На прошлой неделе в Москве побывал известный французский политик и дипломат ЮБЕР ВЕДРИН, с 1997 по 2002 год занимавший пост главы МИД Франции. В политических кругах страны он пользуется большим влиянием и считается одним из ведущих экспертов, в том числе в области разрешения международных кризисов. Корреспондента "Ъ" ГАЛИНУ ДУДИНУ господин Ведрин заверил в том, что урегулирование конфликта на Украине возможно, а международная операция в Сирии против исламских радикалов — желательна и необходима.

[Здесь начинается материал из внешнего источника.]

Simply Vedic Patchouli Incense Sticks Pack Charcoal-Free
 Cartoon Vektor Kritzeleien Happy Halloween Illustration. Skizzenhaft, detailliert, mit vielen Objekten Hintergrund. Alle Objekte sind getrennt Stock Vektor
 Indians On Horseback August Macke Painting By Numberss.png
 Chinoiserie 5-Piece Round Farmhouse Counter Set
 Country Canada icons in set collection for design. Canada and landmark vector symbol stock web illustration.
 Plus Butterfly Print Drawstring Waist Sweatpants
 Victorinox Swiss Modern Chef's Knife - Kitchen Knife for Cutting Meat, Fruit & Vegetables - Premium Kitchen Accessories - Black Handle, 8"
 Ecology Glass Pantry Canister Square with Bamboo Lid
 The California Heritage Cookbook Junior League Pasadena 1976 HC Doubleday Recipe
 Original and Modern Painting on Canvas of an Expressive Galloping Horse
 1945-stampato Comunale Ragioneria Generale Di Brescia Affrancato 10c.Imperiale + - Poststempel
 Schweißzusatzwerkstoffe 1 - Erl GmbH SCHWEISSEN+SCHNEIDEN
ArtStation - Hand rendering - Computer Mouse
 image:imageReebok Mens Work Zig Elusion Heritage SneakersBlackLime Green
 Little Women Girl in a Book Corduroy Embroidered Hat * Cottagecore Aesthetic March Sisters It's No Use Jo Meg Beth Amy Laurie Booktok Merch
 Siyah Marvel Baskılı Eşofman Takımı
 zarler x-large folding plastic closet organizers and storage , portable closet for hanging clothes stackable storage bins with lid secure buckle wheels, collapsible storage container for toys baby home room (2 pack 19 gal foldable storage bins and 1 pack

— В свое время вы заявляли, что развитие ситуации в Сирии может потребовать внешнего военного вмешательства и наземной операции. Как вы оцениваете решение России начать авиаудары против группировки "Исламское государство" (ИГ; запрещена в РФ) и других радикальных движений?
— Я не буду делать поспешных заявлений, призывая начать наземную операцию. Но она будет неизбежна, если мы хотим не просто остановить, но и уничтожить ИГ. В этом случае будет необходима наземная операция широкой международной коалиции: естественно, не только западных стран, но и России, Турции, Ирана и арабских государств. Но это сложно: ведь чтобы наземная операция была эффективной, необходимо еще до ее начала договориться о политическом решении в Ираке, а главное — в Сирии, а согласия в этом вопросе нет.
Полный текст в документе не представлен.